Count every line in the entries that contains "Quality". Report that count alone.
.....
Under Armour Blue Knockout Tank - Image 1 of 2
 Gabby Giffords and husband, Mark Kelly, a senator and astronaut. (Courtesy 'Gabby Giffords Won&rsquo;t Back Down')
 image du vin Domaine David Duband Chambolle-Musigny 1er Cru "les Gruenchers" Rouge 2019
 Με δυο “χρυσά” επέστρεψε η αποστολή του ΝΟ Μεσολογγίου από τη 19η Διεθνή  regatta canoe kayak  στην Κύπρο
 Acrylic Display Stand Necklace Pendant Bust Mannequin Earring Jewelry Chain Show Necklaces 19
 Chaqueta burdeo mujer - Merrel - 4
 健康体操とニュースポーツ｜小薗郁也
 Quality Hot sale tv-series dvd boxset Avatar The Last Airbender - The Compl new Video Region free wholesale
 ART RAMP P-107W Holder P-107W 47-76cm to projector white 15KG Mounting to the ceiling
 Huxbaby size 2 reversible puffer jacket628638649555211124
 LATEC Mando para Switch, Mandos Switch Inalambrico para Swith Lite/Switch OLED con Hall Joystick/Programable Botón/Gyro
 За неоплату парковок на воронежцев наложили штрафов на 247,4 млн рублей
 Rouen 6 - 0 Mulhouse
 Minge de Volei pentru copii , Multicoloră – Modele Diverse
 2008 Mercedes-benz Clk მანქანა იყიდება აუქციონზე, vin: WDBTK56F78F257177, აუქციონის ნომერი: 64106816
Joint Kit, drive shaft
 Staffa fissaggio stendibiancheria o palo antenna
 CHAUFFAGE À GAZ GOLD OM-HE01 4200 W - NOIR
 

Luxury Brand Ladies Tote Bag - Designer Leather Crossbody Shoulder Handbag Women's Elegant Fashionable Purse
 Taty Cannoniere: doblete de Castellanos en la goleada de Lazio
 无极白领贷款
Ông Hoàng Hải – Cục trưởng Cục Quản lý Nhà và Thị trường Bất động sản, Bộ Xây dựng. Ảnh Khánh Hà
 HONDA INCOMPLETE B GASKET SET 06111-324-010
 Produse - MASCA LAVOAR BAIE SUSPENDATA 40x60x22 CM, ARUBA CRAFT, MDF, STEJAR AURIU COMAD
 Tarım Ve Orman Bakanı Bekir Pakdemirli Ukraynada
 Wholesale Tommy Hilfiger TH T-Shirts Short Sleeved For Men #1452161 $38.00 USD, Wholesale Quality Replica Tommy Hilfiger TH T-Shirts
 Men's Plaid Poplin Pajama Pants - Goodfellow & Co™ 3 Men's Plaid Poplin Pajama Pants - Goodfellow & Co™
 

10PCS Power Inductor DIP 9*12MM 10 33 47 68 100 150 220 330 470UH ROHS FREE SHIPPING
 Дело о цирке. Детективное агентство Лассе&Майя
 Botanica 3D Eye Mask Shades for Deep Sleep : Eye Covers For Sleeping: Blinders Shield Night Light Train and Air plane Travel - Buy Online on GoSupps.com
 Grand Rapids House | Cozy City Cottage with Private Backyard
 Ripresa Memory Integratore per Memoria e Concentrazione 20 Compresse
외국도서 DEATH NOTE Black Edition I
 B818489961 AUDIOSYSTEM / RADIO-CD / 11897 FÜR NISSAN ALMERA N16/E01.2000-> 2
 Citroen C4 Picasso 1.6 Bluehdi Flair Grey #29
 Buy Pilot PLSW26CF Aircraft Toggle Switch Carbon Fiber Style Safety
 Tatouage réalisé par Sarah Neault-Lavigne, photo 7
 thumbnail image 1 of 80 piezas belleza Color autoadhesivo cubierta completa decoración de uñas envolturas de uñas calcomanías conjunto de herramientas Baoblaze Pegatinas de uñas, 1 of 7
.....
■ **Answer section**:
2